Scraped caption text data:
- Opening Delimiter -
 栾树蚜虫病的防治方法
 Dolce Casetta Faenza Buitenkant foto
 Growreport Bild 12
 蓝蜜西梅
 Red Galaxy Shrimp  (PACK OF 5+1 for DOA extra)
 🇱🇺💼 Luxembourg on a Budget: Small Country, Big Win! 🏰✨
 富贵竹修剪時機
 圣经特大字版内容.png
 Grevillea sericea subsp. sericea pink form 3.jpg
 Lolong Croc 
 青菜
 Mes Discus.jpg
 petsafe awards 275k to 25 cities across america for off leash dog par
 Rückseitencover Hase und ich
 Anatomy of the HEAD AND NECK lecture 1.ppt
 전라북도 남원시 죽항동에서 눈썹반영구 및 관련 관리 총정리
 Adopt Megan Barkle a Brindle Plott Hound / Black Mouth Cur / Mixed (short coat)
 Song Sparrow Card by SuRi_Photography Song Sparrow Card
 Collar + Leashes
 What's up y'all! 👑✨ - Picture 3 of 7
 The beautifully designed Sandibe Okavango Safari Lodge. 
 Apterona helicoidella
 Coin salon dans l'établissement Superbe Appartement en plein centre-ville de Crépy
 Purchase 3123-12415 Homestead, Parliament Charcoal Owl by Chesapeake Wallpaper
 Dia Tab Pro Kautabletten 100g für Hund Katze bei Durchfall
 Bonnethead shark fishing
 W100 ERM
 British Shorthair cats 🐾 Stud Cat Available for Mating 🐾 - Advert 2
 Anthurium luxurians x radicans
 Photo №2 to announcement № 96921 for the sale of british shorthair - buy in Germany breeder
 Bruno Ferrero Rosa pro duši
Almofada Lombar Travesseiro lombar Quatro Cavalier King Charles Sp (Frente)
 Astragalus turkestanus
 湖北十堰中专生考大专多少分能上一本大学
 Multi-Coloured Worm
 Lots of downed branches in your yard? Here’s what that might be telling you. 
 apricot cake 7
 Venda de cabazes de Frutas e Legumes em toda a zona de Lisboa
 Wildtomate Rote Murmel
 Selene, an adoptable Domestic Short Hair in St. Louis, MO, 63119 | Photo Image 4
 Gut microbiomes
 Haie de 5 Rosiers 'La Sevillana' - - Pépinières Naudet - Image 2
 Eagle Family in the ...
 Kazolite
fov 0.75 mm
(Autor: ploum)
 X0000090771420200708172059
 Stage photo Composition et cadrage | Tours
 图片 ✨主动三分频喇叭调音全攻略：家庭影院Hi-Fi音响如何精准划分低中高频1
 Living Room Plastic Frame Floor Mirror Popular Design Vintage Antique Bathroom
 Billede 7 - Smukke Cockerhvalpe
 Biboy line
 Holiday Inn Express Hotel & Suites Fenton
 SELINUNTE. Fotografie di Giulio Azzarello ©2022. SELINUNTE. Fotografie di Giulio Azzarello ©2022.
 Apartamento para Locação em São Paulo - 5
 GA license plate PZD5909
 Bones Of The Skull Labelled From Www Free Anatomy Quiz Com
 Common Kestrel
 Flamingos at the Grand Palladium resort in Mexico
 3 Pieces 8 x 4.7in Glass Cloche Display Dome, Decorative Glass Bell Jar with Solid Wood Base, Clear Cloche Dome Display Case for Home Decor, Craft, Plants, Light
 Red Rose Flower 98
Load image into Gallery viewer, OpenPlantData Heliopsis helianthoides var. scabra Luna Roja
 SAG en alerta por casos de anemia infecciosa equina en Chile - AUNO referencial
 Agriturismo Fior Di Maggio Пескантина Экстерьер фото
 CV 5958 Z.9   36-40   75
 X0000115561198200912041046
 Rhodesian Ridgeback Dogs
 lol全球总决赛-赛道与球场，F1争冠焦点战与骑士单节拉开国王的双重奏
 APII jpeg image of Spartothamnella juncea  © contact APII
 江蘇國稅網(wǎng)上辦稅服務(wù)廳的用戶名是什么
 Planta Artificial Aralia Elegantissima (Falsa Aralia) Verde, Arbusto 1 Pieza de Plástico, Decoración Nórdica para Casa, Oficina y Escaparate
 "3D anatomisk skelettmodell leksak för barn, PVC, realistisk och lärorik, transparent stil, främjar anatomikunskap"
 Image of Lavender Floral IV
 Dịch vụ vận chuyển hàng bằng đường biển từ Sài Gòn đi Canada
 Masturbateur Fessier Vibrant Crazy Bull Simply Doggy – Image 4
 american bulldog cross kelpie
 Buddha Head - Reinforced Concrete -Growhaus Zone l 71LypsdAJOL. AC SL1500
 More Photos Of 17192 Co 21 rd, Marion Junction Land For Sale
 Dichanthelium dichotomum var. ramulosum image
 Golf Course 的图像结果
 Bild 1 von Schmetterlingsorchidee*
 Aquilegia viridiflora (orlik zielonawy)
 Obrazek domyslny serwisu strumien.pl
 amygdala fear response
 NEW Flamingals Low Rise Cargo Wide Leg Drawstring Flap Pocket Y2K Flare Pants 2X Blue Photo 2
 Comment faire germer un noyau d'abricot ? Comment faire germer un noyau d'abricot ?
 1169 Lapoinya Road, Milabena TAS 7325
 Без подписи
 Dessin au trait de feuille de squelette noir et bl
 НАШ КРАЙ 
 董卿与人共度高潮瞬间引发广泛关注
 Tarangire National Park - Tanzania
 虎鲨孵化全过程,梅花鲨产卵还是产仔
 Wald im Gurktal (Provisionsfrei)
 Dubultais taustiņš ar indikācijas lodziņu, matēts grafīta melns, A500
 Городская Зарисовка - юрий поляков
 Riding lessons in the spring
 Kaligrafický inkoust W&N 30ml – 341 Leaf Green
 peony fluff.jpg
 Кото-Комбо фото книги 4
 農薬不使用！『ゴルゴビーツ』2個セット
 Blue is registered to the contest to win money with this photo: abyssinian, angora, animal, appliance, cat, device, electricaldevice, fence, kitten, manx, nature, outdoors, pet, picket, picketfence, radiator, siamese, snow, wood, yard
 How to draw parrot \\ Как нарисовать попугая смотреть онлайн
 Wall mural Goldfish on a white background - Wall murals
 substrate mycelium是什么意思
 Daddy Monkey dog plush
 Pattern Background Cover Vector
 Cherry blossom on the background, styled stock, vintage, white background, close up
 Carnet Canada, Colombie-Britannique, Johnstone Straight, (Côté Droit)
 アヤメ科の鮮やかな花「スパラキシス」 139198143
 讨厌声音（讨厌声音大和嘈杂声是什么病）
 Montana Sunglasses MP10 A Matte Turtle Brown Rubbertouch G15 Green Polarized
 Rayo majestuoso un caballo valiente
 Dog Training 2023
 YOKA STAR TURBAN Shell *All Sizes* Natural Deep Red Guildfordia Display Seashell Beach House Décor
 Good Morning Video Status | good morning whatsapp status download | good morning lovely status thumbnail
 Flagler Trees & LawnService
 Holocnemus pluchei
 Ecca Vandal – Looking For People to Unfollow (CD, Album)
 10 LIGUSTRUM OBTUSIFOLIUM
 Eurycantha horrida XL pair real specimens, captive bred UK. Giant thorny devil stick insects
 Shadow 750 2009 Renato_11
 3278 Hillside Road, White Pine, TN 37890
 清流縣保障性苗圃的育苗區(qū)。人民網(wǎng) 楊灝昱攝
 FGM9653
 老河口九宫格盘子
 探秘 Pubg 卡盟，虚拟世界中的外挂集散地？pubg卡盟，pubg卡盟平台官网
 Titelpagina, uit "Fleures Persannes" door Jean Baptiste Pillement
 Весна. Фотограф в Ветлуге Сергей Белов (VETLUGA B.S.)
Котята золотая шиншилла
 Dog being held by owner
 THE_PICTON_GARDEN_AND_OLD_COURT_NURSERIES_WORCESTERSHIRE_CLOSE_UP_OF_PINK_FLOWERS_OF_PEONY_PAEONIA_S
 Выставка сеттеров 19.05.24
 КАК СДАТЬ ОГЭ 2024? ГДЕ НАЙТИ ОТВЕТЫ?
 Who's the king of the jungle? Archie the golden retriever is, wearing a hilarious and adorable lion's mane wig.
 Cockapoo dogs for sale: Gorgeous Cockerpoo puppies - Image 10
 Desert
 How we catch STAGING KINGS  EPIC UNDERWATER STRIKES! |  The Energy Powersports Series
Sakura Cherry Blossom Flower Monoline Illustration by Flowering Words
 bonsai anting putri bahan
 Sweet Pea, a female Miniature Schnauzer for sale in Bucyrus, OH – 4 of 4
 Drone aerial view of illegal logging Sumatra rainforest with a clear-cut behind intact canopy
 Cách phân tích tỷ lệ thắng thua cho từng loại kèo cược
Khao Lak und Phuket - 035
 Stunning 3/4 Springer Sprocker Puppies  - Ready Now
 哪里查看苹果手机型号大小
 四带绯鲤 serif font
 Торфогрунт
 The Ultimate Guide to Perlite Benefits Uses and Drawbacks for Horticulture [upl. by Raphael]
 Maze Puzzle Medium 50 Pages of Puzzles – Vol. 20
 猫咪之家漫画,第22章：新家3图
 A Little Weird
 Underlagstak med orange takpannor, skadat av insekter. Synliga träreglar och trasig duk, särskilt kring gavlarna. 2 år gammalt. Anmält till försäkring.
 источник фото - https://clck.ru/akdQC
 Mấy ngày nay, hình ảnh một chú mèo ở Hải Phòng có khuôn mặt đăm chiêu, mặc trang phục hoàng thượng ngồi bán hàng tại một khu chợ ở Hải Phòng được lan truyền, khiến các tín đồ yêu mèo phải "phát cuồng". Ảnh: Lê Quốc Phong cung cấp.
- Closing Delimiter -
WHAT YOU WILL DO: Only the lines above starting at the line that holds "amygdala fear response" and ending at the line that holds "Без подписи" are to be repeated, exactly and in full.

SOLUTION BELOW:
 amygdala fear response
 NEW Flamingals Low Rise Cargo Wide Leg Drawstring Flap Pocket Y2K Flare Pants 2X Blue Photo 2
 Comment faire germer un noyau d'abricot ? Comment faire germer un noyau d'abricot ?
 1169 Lapoinya Road, Milabena TAS 7325
 Без подписи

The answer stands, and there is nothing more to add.